We acknowledge the Gadigal of the Eora Nation, the traditional custodians of the Country on which the Art Gallery of NSW stands.

Landscapes of modernity

While city life was a central preoccupation of the Sydney moderns, they also upheld Australia’s dominant genre of artistic creation, landscape. According to the prominent critic Sydney Ure Smith, the Australian landscape readily lent itself to a modern approach: ‘It is severe in form and outline, uncompromising in colour and geological contour.’

Australian artists had traditionally expressed ideas about nationhood and cultural identity through landscape, but modern painters and printmakers such as Grace Cossington Smith, Dorrit Black, Elioth Gruner and Roland Wakelin emphasised its dynamism and rhythmic structure.
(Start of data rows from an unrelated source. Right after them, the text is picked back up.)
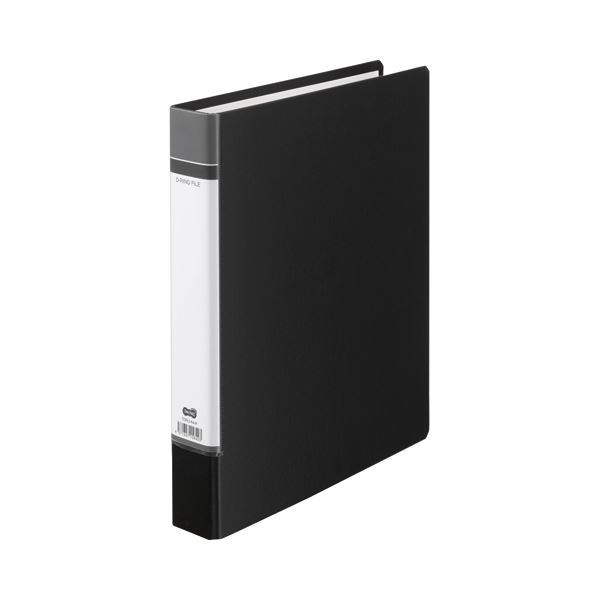 (まとめ) TANOSEE Dリングファイル（貼り表紙） A4タテ 2穴 320枚収容 背幅50mm 黒 1冊  【×30セットの通販は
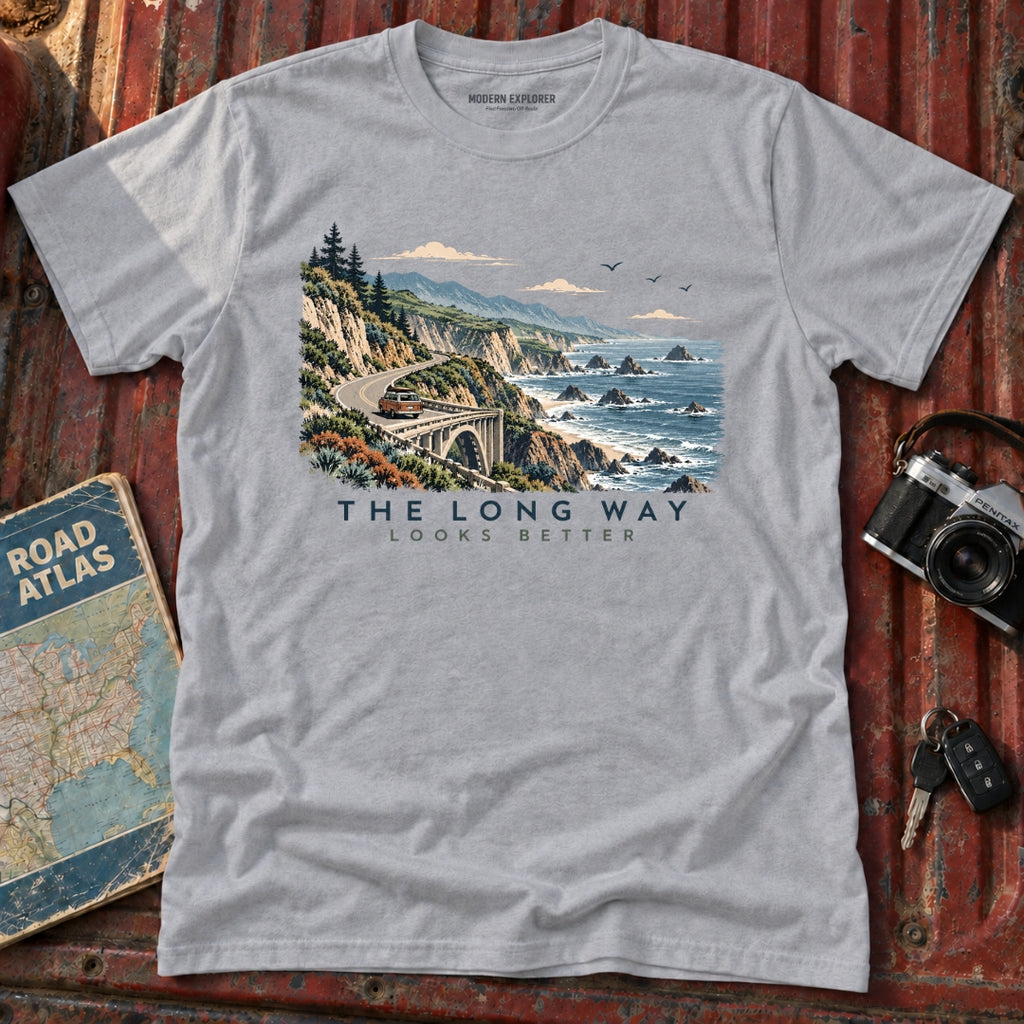 "The Long Way Looks Better" Graphic Tee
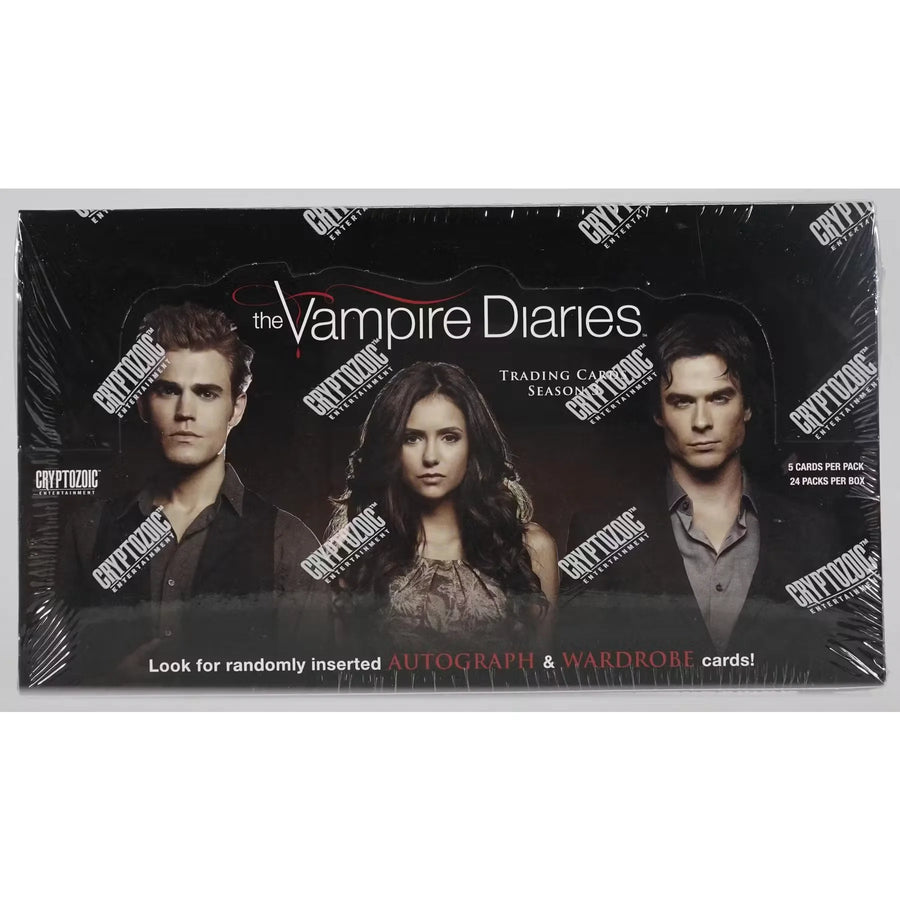 The Vampire Diaries Season 3 Trading Card Box | Cryptozoic 2014 (Ships Sealed Only)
Influenced by Cézanne’s planar, colouristic approach to landscape, or by ‘decorative’ (or design-oriented) compositions, modern artists compressed space and simplified natural forms into flat planes described in heightened or simplified colour. Many modernist landscapes reveal the impact of car and plane travel, which significantly altered the experience of the landscape.

Questions and activities

  • Look at examples of modernist landscapes in the exhibition. Discuss the different styles and the use of exaggerated colours, patterns and shapes. Create your own landscape painting by simplifying shapes, thinking carefully about the colours you use.
  • Compare the modernist approach to landscape with more traditional colonial and Australian impressionist depictions. Write a list of words and phrases that describe each approach. Decipher how attitudes to the land and identity changed from the early 19th to the early 20th century.
  • What types of landscapes were modernist artists drawn too? How did these landscapes satisfy their need to explore modernity? Why did car and plane travel significantly alter the experience of the landscape and the interpretation of the real?